4. The Respondent Secretary of State was not satisfied that the Appellant was wholly financially or emotionally dependent upon his father. He noted that only three money transfers had been produced. There was no bank statement to show how these transfers had been received. The Appellant claimed to be unemployed but do not appear to accept that he was not entirely employed in the past. The Appellant had lived apart from his parents for a period in excess of two years. He had even lived in Australia. He had done so separately from his parents. The parents were settled without the Appellant in the UK for a period of nine years now. The Respondent did not accept that there was ongoing emotional support and noted that there had not been any visits to the Appellant while he was studying in Australia (paragraph 14).
The Judge's Findings
5. The judge had regard to Appendix K of the Home Office Policy IDI chapter 15(2A) 13.2 (paragraph 21). It was considered that the appeal did not involve their removal, but the ability of the Appellant to join his parents in the UK, as he had been separated from them, because he was unable to come with them when they came, because he was then over the age of 18 years. As soon as the policy was introduced to allow adult dependent children to come to the UK the Appellant had made his application, and a policy was introduced on 1st January 2015, with the Appellant making his application in October 2015. Although the Appellant had gone to Australia for higher education he intended to return back to the family unit. He did in fact return. He was unable to complete his studies due to events which occurred in Australia and there was a detailed psychological report filed on his behalf. He has said in his statement that he continues to live in the family home in Nepal and that he is financially maintained by his father.

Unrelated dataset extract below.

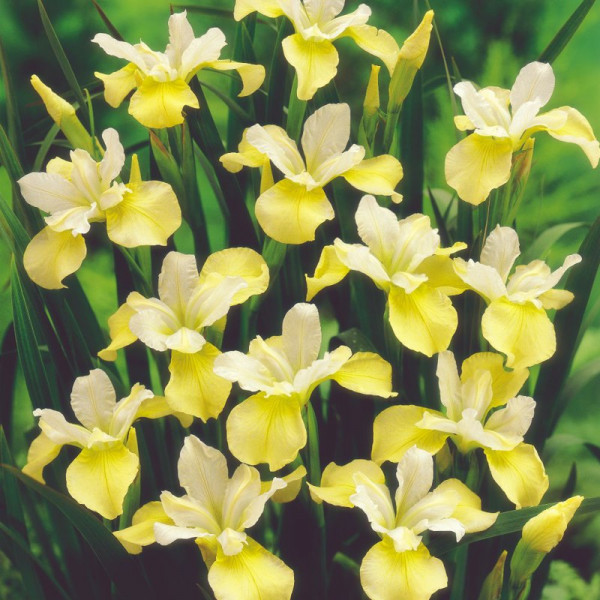 Buy Iris Sibirica Bulbs Butter and Sugar Online - Green plants & flowering plants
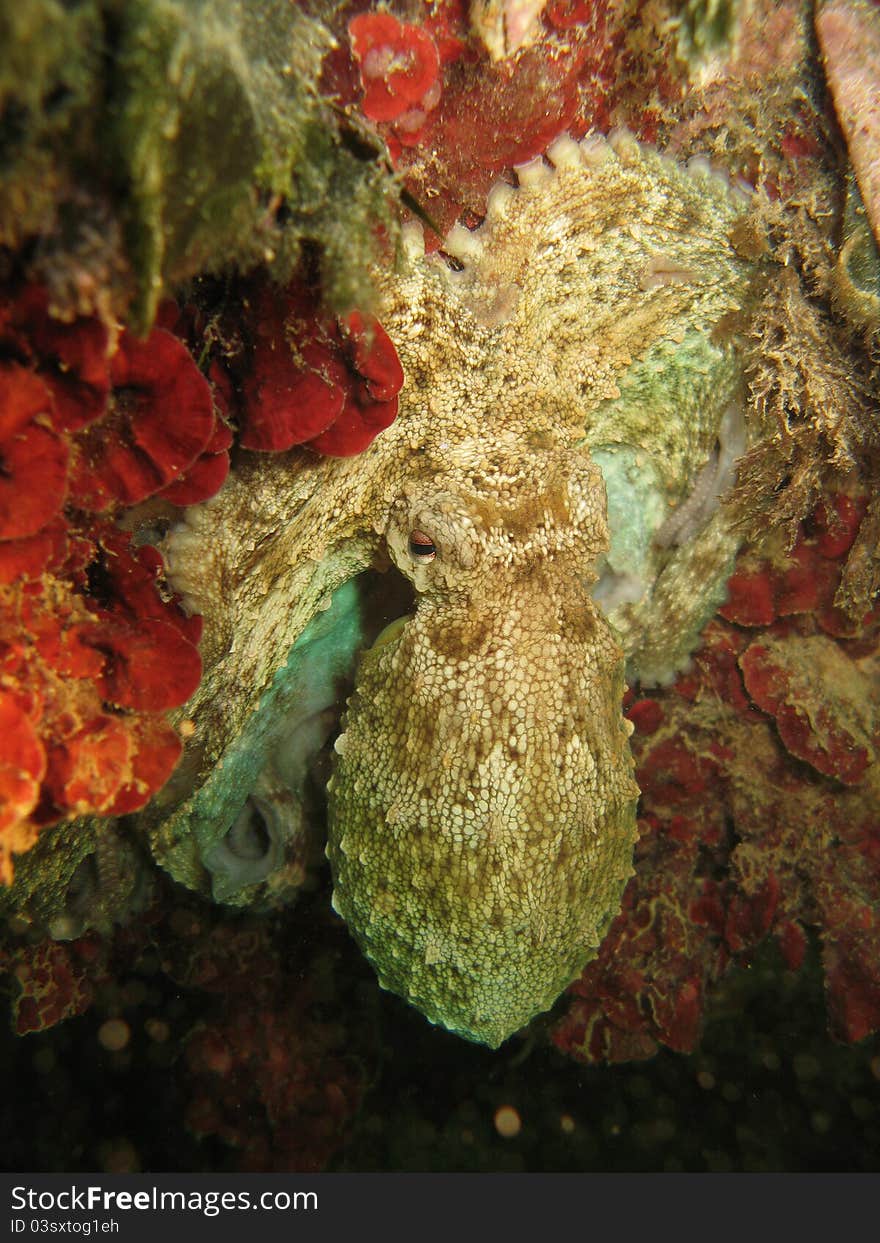 Octopus Vulgaris on seaweed. Note that shot is right oriented. Captured in the wild.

His father's pension is paid into his father's bank account and is then accessed by the Appellant directly from his account. His parents also send him money through Western Union and other bank transfers (paragraph 22).
6. The judge was satisfied that the Appellant went to Australia in order to study and that the intention was for him to return to the family unit. In Australia, the Appellant learned that his cousin, who he had considered to be his brother, had been stabbed to death whilst visiting Hong Kong, at the age of 19. He was given this news by his mother. This led to him becoming delusional and feeling numb and lifeless. His sleep pattern became disturbed and he was unable to interact with anyone. This lead to his being unable to study in Australia (paragraph 24).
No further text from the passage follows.